Assigned task:
Copy nothing but the lines running from the one containing "Pokémon TCG |" through the end of the listing below. Drop the pictures.

Source material:
»»

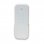 Schermo di proiezione motorizzato tensionato Kimex 2,20x1,24 m Formato 16:9 Smart Screen con Wifi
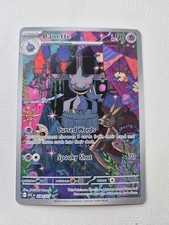 Pokémon TCG | Banette | Ascended Heroes | 234/217 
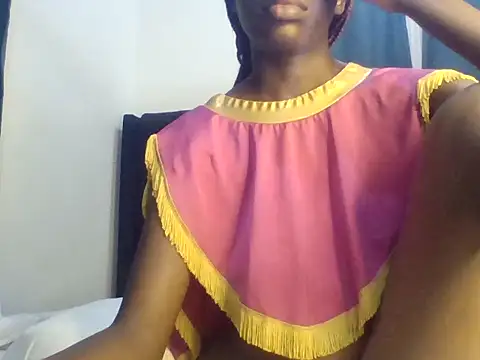 Thicky_Curry_ webcam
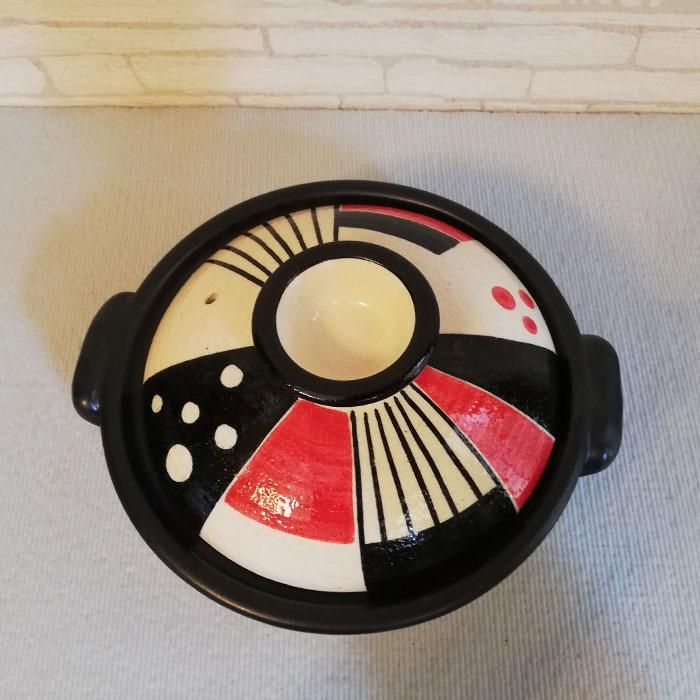 ߸ž  Ȭ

««

Solution for this problem:
 Pokémon TCG | Banette | Ascended Heroes | 234/217 
 Thicky_Curry_ webcam
 ߸ž  Ȭ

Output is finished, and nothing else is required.